Hacker News new | ask | show | jobs
by kornish 3300 days ago
> In many ways it's similar to how telephony spread in the developing world. They skipped landlines entirely and went straight to GSM.

And also how banking/payment is spreading in Africa: mobile-to-mobile, skipping credit cards entirely.

2 comments

I love the elegance and futurism of paying with mobile phones like that, but do the telephone companies operate in a similar manner to financial institutions there?

For instance, if I deposit money, do I receive interest? What happens to my funds if the phone company goes bankrupt? Are there similar regulations to banks?

I'm guessing the banks are still running the infrastructure. It's just they didn't bother with installing card networks since mobile payments is an evolution over them.
When was the last time you earned a noteworthy amount of interest on a bank deposit?
Not many in India would see things the way you do. Why lose interest if you can get it, particularly if you don't have more interest coming in from mutual funds or someplace else? If anything, the competition is on to see who'll pay more interest. One payments bank announced 7%: http://economictimes.indiatimes.com/wealth/personal-finance-...
What's the post inflation adjusted interest rate? Because simply moving your money to a low inflation currency does the same thing.

The only catch is that the payments banks, which do not offer loans and several other facilities offered by full fledged rivals, are not allowed to accept deposits beyond Rs 1 lakh in bank accounts, which will have the same number as your mobile number. Bharti Airtel chairman Sunil Bharti Mittal said that the higher interest rate and freebies such as life insurance of up to Rs 1 lakh was an "introductory offer" and the rates would go down in a falling interest rate environment

Ahh, nm. This is just a fixed amount of cash they hand you for switching banks not a full time interest rate.

Moving money to a low inflation currency sounds good in theory, but is not an accessible solution to the average Indian, and is fraught with bureaucracy and fees even for those it is accessible to. I put my money in a liquid fund (debt mutual fund) to earn 8% nominal interest rate. That's a much more practical solution than moving it to dollars, say.

Airtel's offer may be temporary, and interest rates rarely go to 7%, but the point is that there's always a competition on interest rates.

India's inflation and nominal interest rates are both higher, which means you lose more if you forgo interest. In a hypothetical country with 5% inflation and a 5% interest rate, if you forgo interest, you lose 5% every year. In a country with 2% inflation and 2% interest rate, you lose only 2%.

Different countries have different interest rates. While most developed countries have both inflation rates and bank deposit rates close to zero, there are a few countries with high inflation and high interest rates.
Arbitrage opportunity?
The higher interest rate covers the higher inflation.
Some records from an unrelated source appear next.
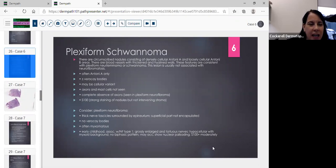The plexiform schwannoma often shows only Antoni A areas with Verocay bodies, sometimes myxoid areas, and a cellular variant. Axons and mast cells are not seen — that's really important. S100 staining is strong in the multiple nodules coursing through the dermis. In the differential is plexiform neurofibroma, which can have thick nerve fascicles surrounded by epineurium, no Verocay bodies, often myxomatous. In neurofibroma with neurofibromatosis type 1, you'll see grossly enlarged and tortuous nerves, hypercellular areas with myxoid background, no biphasic pattern, occasional nuclear palisading, and moderately S100 positive.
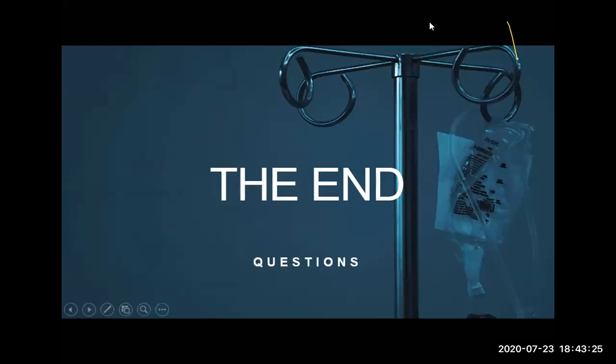Thank you so much, Gloria. That was a brilliant talk, especially the ending which reminds us of humanity and how much dignity we can bring back to our patients. Please raise your hand or type a question in the chat box and we'll pick it up.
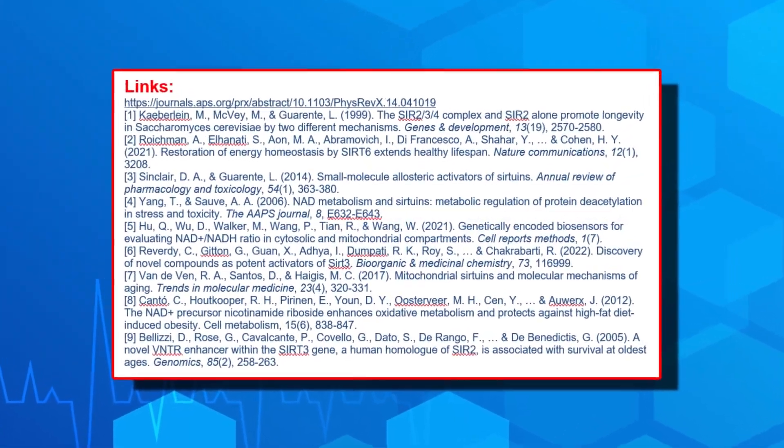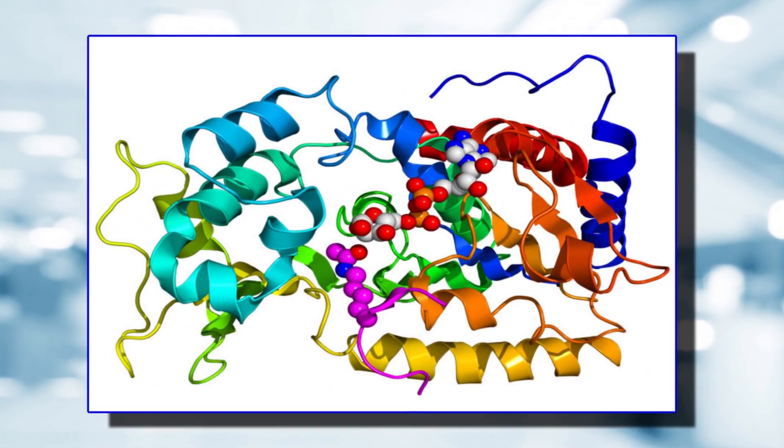Nicotinamide adenine dinucleotide, NAD, is a coenzyme found in all of our living cells. NAD is a dinucleotide, which means it consists of two nucleotides joined through their phosphate group — one nucleotide contains an adenine base and the other contains nicotinamide. Sirtuins are enzymes that have been heavily investigated in the context of the aging process, and they rely on NAD to function. These researchers describe sirtuins as being critical regulators of cellular pathways related to aging.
Currencies are very well arbitraged already, I wouldn't expect any inefficiencies to profit from.
But check this out:

http://faculty.chicagobooth.edu/workshops/finance/pdf/Verdel...

"We find that deviations from the covered interest rate parity condition (CIP) imply large, persistent, and systematic arbitrage opportunities in one of the largest asset markets in the world. Contrary to the common view, these deviations for major currencies are not explained away by credit risk or transaction costs."

Changes in foreign exchange rates usually arbitrage out most interest rate disparities.
It's called the "carry trade".
Indian banks offer very good interest rates and are sort-of backed by the gov (might be wrong on this).
backed in the sense of too-big-to-fail. Otherwise, deposits of only upto Rs 100,000/- are insured, that too per person, irrespective of how many bank accounts. Insured in the sense that if bank tanks, Customers will get back minimum (of deposit or) 100,000 Ruppees back after all the bankruptcy proceedings.
It depends on the country but typically there is a set of central bank regulations which attempt to ensure adequate safeguards are in place when non-banks offer banking services. Example protection of the float for stored value wallets and enforcement of anti-money laundering KYC for peer to peer transfer.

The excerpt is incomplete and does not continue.